05 ago 2020 às 15:03
exame de sangue
Exame de sangue: amostras antigas, colhidas para análise de outras doenças, são usadas para investigar casos da Covid-19 Crédito: Divulgação/ Ministério da Saúde
Os dados oficiais da Secretaria de Estado da Saúde (Sesa) indicam que o primeiro caso de infecção pelo coronavírus no Espírito Santo é do dia 26 de fevereiro deste ano. Contudo, novas tecnologias estão permitindo ao órgão ampliar as investigações em relação à Covid-19, o que poderá revelar, entre outros dados, até que a doença se instalou em território capixaba em data anterior. Amostras de sangue antigas serão a matéria-prima para as análises. 
“Estamos investigando e talvez possamos achar casos anteriores a esta data  (26 de fevereiro). Quando a pandemia começou, não tínhamos os testes IgG e sorológico (que verificam o desenvolvimento de anticorpos), que ficaram disponíveis no Brasil no final de abril, início de maio.
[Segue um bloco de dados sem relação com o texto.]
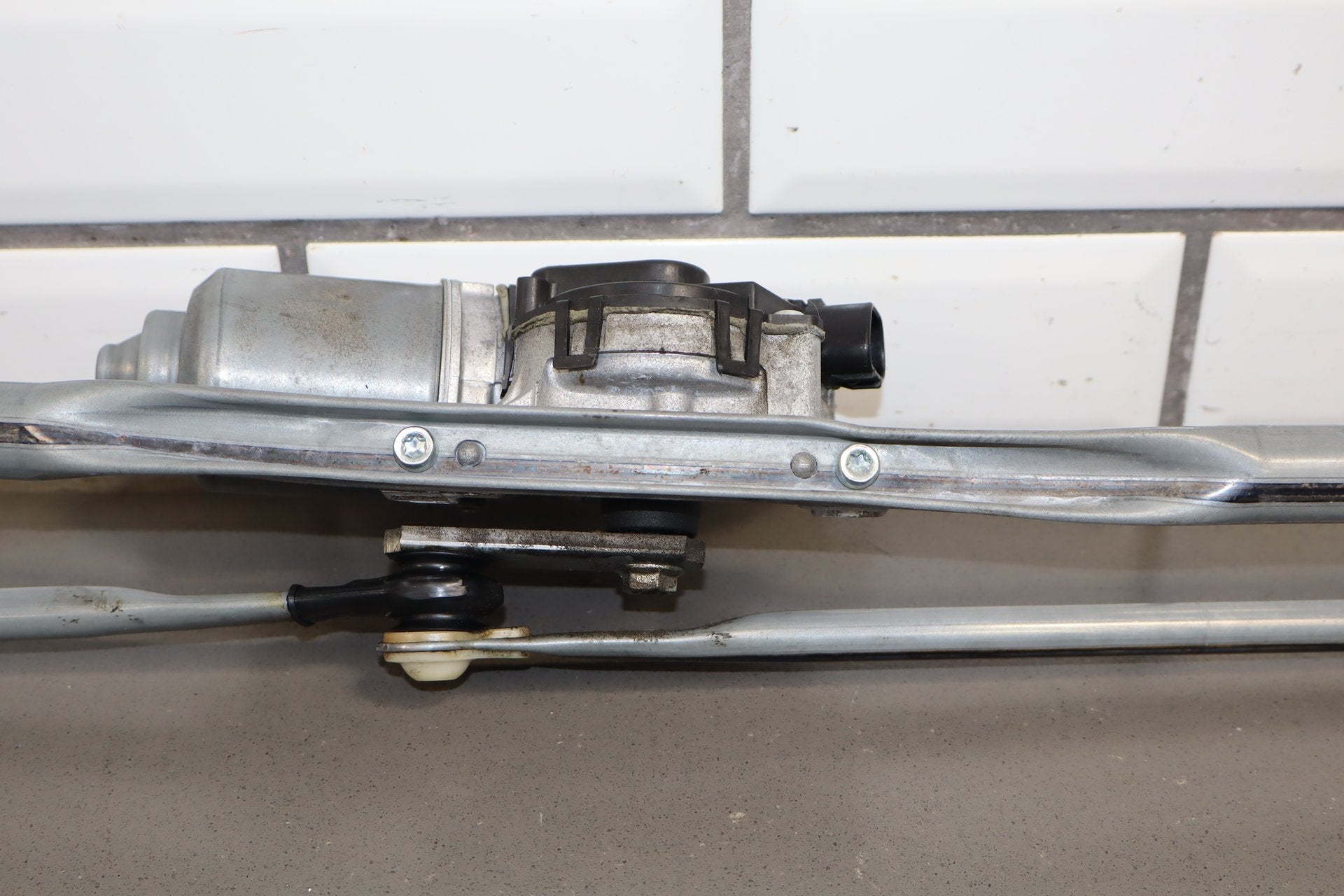 2008-2023 Dodge Challenger Front Wiper Motor OEM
Agora, que temos no Espírito Santo, nos permite abrir várias linhas de investigação", aponta o secretário Nésio Fernandes. 
Hoje, o que se sabe, é que o primeiro caso, registrado na Quarta-feira de Cinzas, é de uma moradora de Vila Velha que havia retornado de uma viagem à Itália, no dia 20 de fevereiro, e que começou a sentir os primeiros sintomas da doença pouco depois da chegada. Ou seja, o coronavírus já circulava no Espírito Santo durante o carnaval. 
A Sesa, afirma o secretário, está avaliando amostras de pacientes que coletaram sangue para viroses, como dengue, chikungunya e zika, cujo material estava guardado no Centro de Hemoterapia e Hematologia do Espírito Santo (Hemoes). "Podemos encontrar, por sorte, alguma amostra com titulação de anticorpos para coronavírus, o que indicaria casos ainda mais antigos", observa.
Nésio Fernandes ressalta que, se forem identificados registros de pacientes mais antigos, será feita a investigação sobre os nexos deles como, por exemplo, verificar se haviam feito viagem para o exterior ou mantido contato com pessoa nessa condição. Também vai ser avaliado se apresentaram ou não sintomas.
"Isto é possível porque passamos a ter tecnologias disponíveis. Um legado da pandemia porque conseguimos reposicionar o nosso sistema de vigilância em saúde estadual, com competências maiores na área da pesquisa, investigação, com tecnologias mais robustas, melhorando a capacidade do Sistema Único de Saúde (SUS) de reconhecer riscos mais rapidamente, de ter resposta de forma mais ágil diante de qualquer surto ou condição de saúde que tenha relevância na área pública."

ANÁLISE DO ESGOTO

análise do sistema de esgoto é outra pesquisa que pode levar a identificação de casos mais antigos do que está registrado atualmente. O estudo está sendo conduzido pela Universidade Federal do Espírito Santo (Ufes) e governo do Estado.  A proposta é verificar em quais redes o vírus está presente e aprofundar o conhecimento sobre a disseminação da Covid-19.
Uma reportagem da BBC, rede britânica de comunicação, apontou que pelo menos 15 países realizaram estudos para tentar identificar a presença do coronavírus nos esgotos locais, e constataram que o agente infeccioso estava presente na rede semanas antes dos primeiros casos oficiais. Na Espanha, por exemplo, havia uma diferença de 41 dias entre que foi observado no sistema de esgoto e o registro do paciente número um do país. 
Além da possibilidade de determinar o período em que a Covid-19 chegou ao Estado, a análise de esgoto também pode fornecer um retrato da presença de casos positivos, incluindo assintomáticos e subnotificados, no sistema saúde.